In hindsight I should've taken her up on her offer as when I came back about ten minutes later, the last bag was gone. The salesperson asked her coworkers if anyone had accidentally taken it to the back or to the office they have access to, or even if they accidentally just put the stuff away. None of that was the case and she herself checked those areas to be sure. Ultimately it seems likely someone else in line took the package - either by accident or on purpose.

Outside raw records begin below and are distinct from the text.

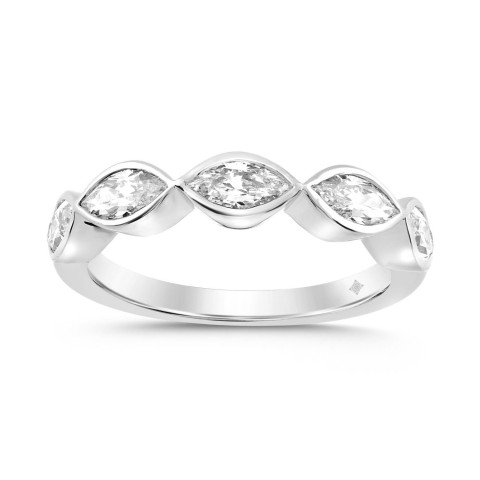 LADIES BAND 1CT MARQUISE DIAMOND 14K WHITE GOLD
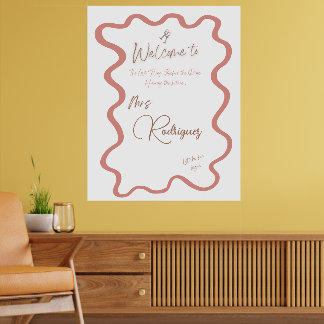 Elegant Pink Bridal Shower Welcome Poster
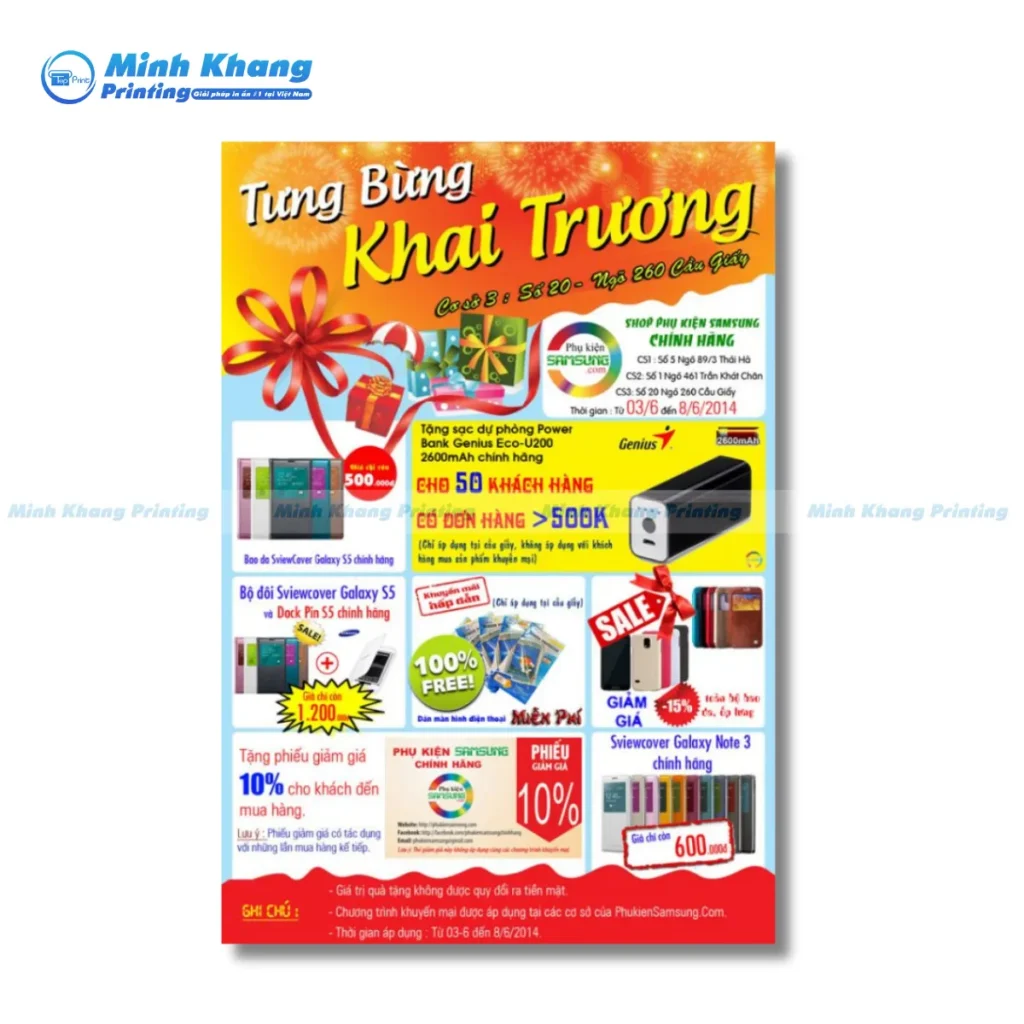 Mãu tờ rơi điện thoại khai trường giưới thiệu các mẫu phụ kiện với giá ưu đãi
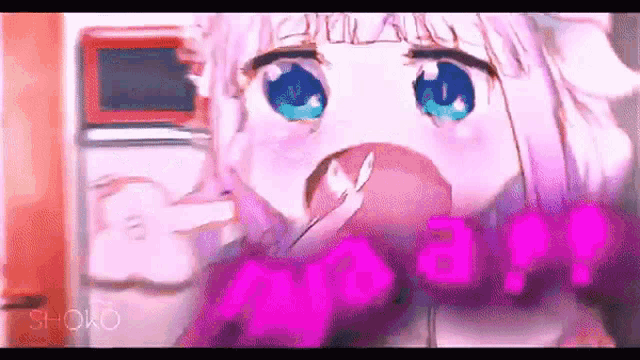 a close up of a anime girl with blue eyes eating a pink item .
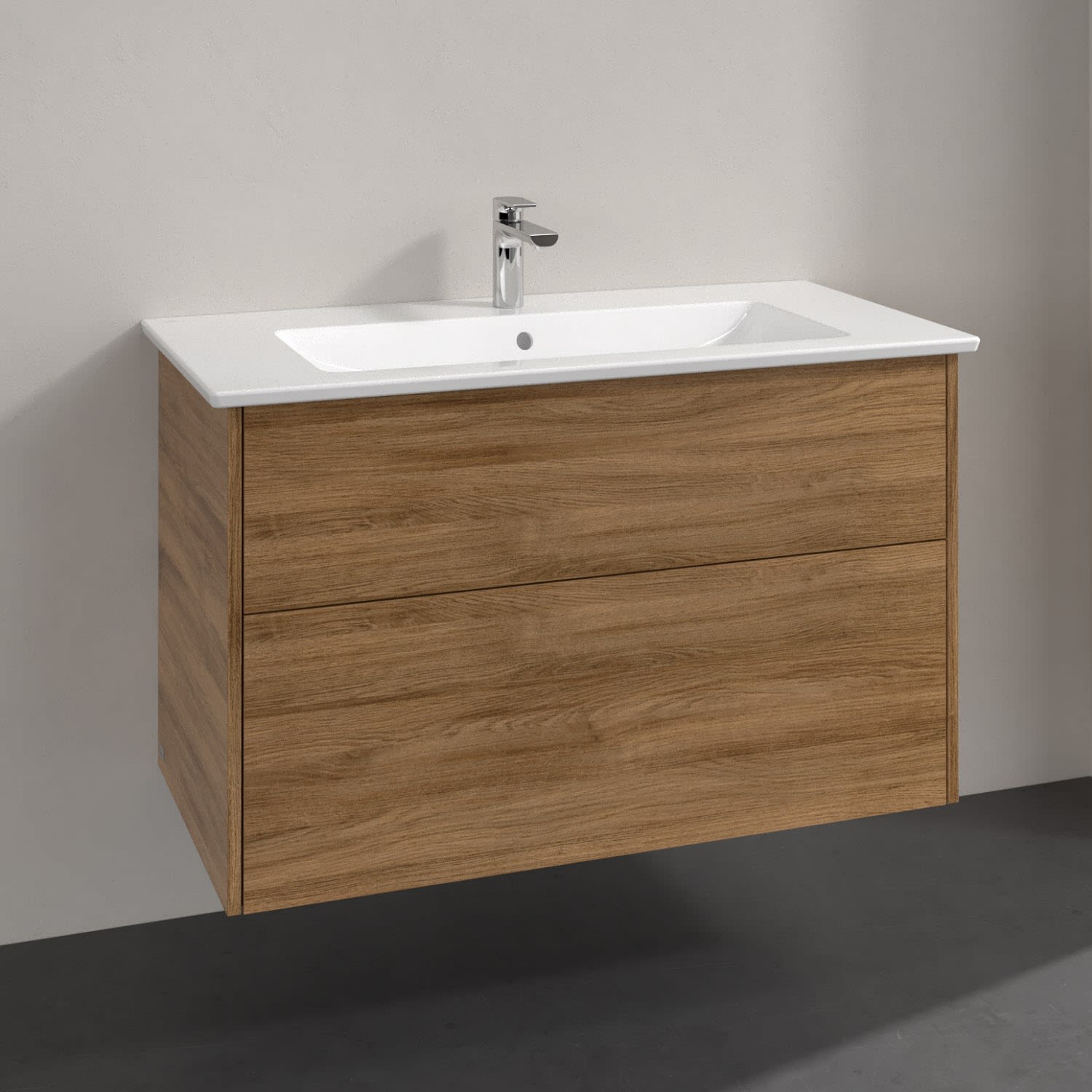 Villeroy & Boch Finero Waschtischunterschrank 100 cm mit Waschtisch, 2 Auszüge S00503DHR1, Badmöbel, S00503RHR1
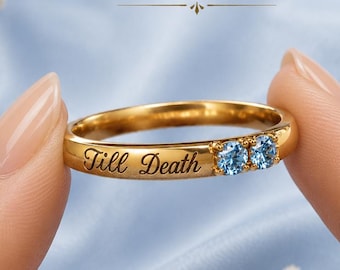 14K Yellow Gold Till Death Engraved Ring, Dainty Couple Birtstone Silver Ring, Solitaire Unisex Handmade Jewelry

After going back to my car and bringing what bags I did have back, we went through the receipt to find out what was missing. She checked their inventory and replaced two of the missing items and refunded me for the other four items they didn't have. So now I have an uneven amount of the items I was going to give Mom - two incomplete sets. So those will be her birthday present as I'll have to get them somewhere else. There is a small bonus in this in that it will give me time to figure out how many she has in the set of what these belong with as I made a best guess.?But it's also inconvenient as I had wanted to give these now missing items to her for Christmas and what I'll now be giving her for her Christmas are the items that I had wanted to give her for her birthday (if that makes sense). Oh well.
If someone took the bag of my stuff on purpose then that's pretty bold of them as there were security cameras and it was fairly busy. If they did it on purpose they'll find the items to be somewhat odd - they are unique and will look odd next to the other items people might have of this type. On the other hand I don't know if they will be able to return the items as they don't have a receipt - but if they do return them (say to another Bay) I'm guessing all they'd get would be store credit.
If it was an accident though and someone took it as maybe their bags were placed next to it during their purchase then hopefully they will return it. The ladies in this department did take my contact information so I could get the set I had initially purchased if this was the case and the bag gets dropped off.
Ultimately this wasn't a nightmare but it definitely was a bit of an inconvenience as it ate up a huge chunk of what little time I had left to get to the last place I wanted to go to yesterday. Certainly a first world problem.
Time for me to get some sleep now, I have to get up early and wrap some gifts and then deliver them. Then I'll be meeting my mom and will see the movie Jackie in the afternoon before going home and having a restful Christmas Eve. Happy holidays and merry Christmas to everyone who reads this, I hope you have everything you need for the holidays and get everything you want. Take care and be safe!